Top of Given data

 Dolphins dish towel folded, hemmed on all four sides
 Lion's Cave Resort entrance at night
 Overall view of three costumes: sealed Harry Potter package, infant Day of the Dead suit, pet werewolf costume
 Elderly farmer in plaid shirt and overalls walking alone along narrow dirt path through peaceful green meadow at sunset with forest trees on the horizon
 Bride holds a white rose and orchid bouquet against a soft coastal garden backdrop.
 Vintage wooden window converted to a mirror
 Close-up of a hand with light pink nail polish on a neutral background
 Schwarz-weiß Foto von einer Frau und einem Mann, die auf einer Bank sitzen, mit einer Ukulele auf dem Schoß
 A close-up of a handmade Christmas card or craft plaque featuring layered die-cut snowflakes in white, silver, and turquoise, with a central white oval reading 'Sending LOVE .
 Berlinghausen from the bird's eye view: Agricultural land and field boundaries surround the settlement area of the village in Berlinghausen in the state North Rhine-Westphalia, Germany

Bottom of Given data

Task objective -> The lines above that hold the word "view" should be found and copied out.

Completed task ->
 Overall view of three costumes: sealed Harry Potter package, infant Day of the Dead suit, pet werewolf costume
 Berlinghausen from the bird's eye view: Agricultural land and field boundaries surround the settlement area of the village in Berlinghausen in the state North Rhine-Westphalia, Germany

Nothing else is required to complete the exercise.